How to complete this task => The answer is an exact copy of the lines from the one with "XC90 Momentum Pro" to the end of the listing below, pictures left out.

Data =>
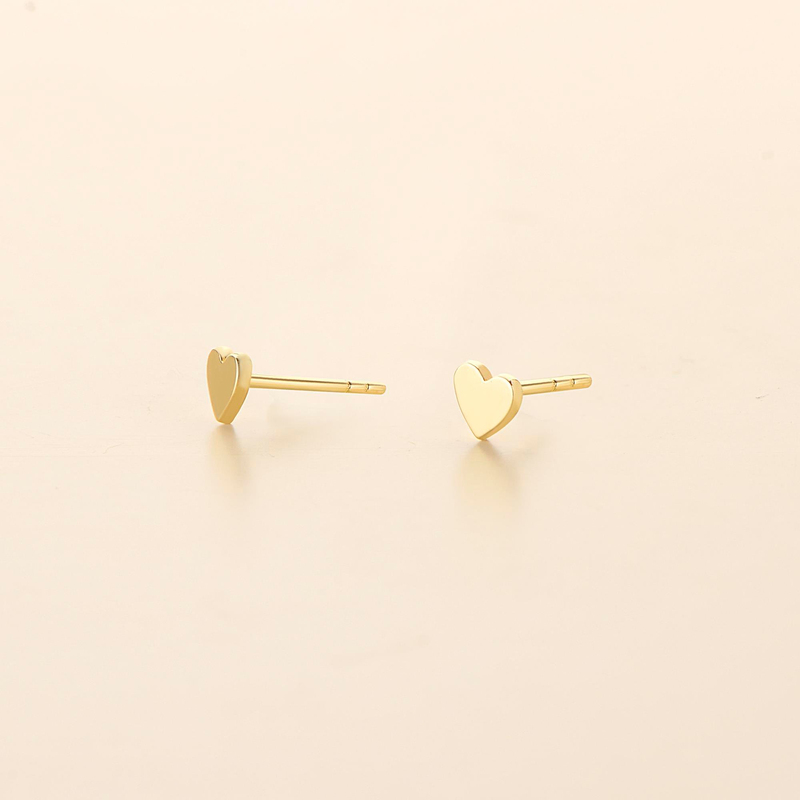 14 Ayar Altın Minik Kalp Küpe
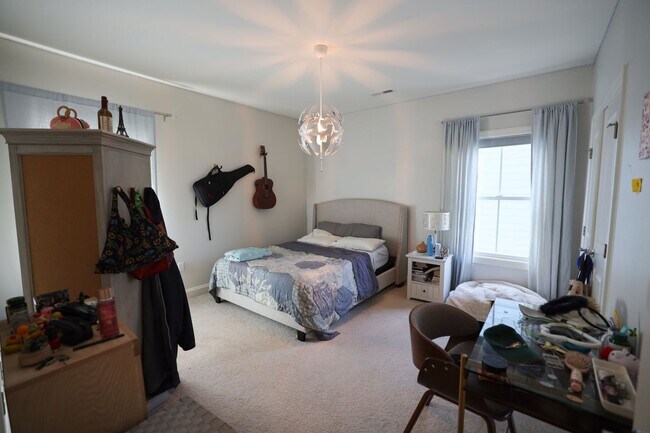 Building Photo - Upscale Living in Village Walk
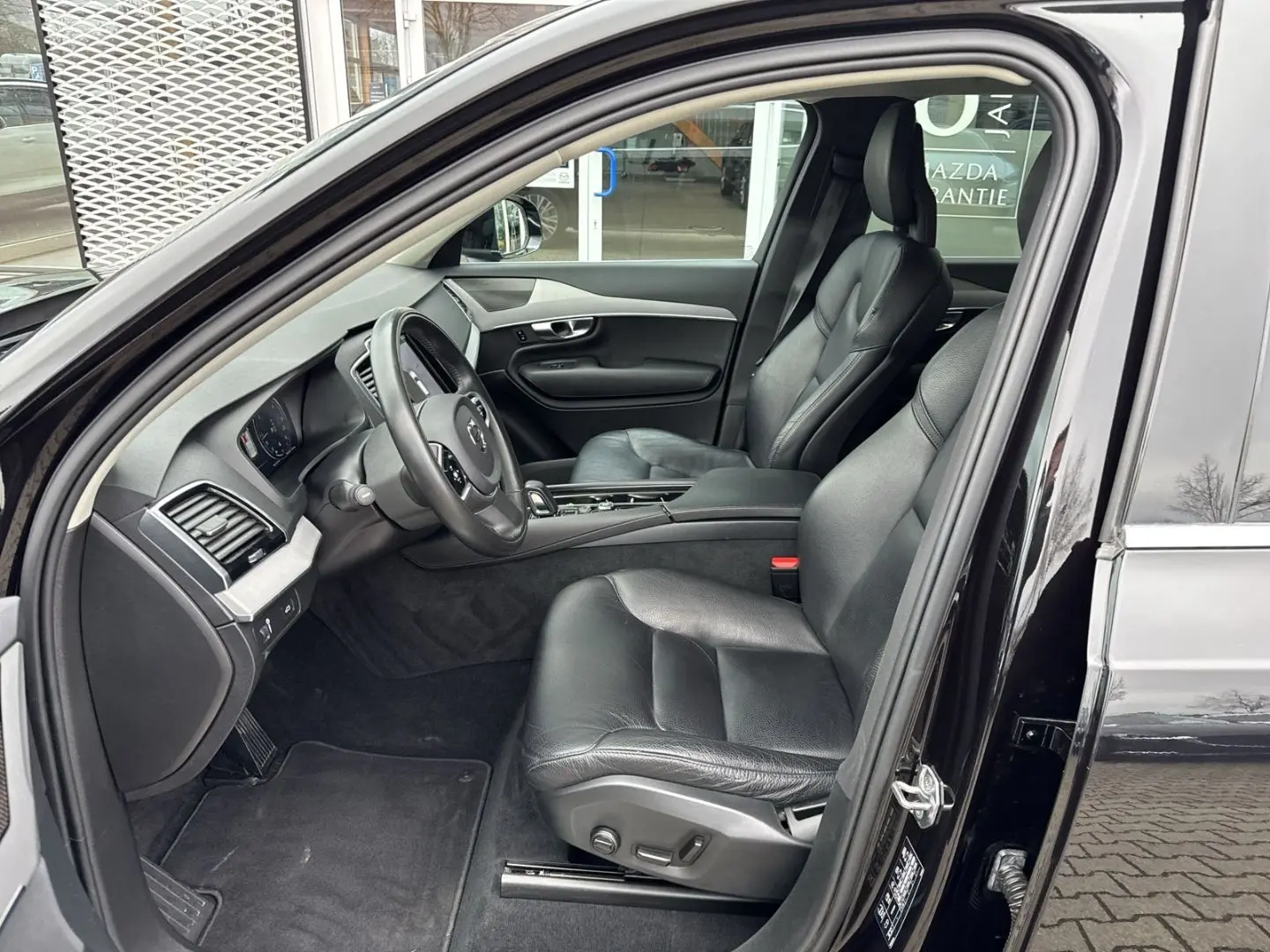 XC90 Momentum Pro B5D AWD StandHZG H&K Navi Lede
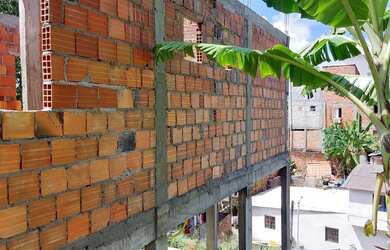 Imagem: A casa possui 2 Dormitórios, 1 Banheiro, 1 Vaga na garagem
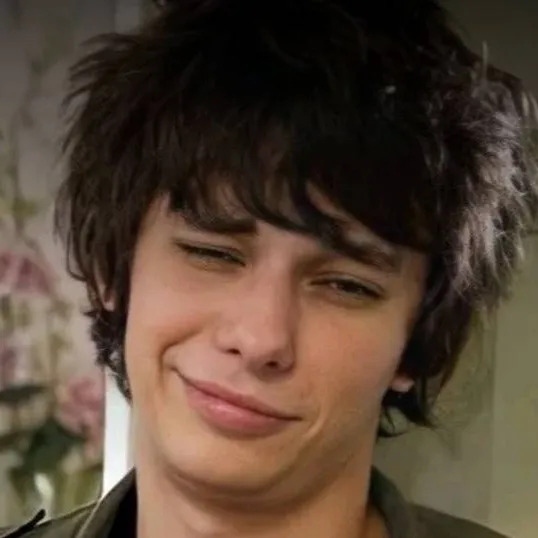 chat with ai character: Rodrick doawk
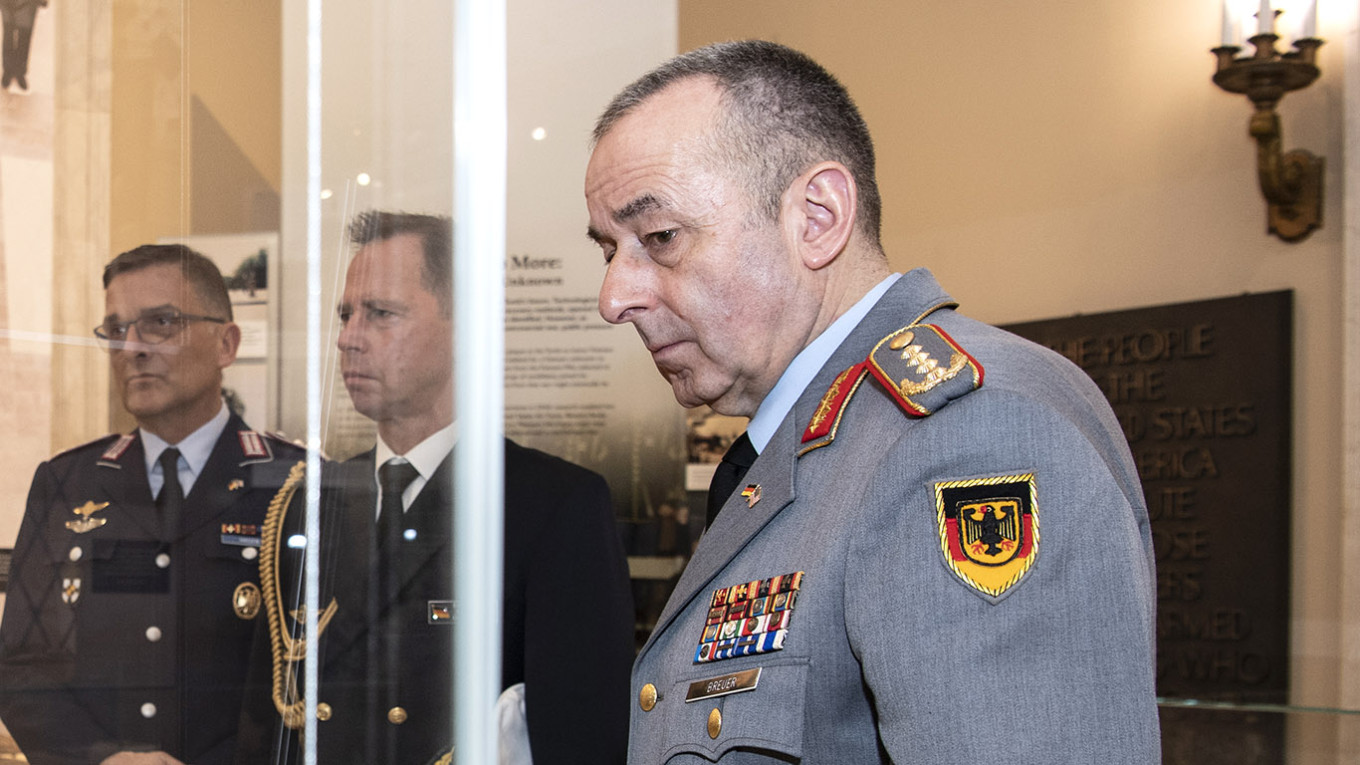 НЕМЕЦКИЙ ГЕНЕРАЛ ПРЕДУПРЕДИЛ О ПОДГОТОВКЕ РОССИЕЙ ЭКОНОМИКИ И АРМИИ К МАСШТАБНОМУ КОНФЛИКТУ С ЗАПАДОМ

Solution to the exercise =>
 XC90 Momentum Pro B5D AWD StandHZG H&K Navi Lede
 Imagem: A casa possui 2 Dormitórios, 1 Banheiro, 1 Vaga na garagem
 chat with ai character: Rodrick doawk
 НЕМЕЦКИЙ ГЕНЕРАЛ ПРЕДУПРЕДИЛ О ПОДГОТОВКЕ РОССИЕЙ ЭКОНОМИКИ И АРМИИ К МАСШТАБНОМУ КОНФЛИКТУ С ЗАПАДОМ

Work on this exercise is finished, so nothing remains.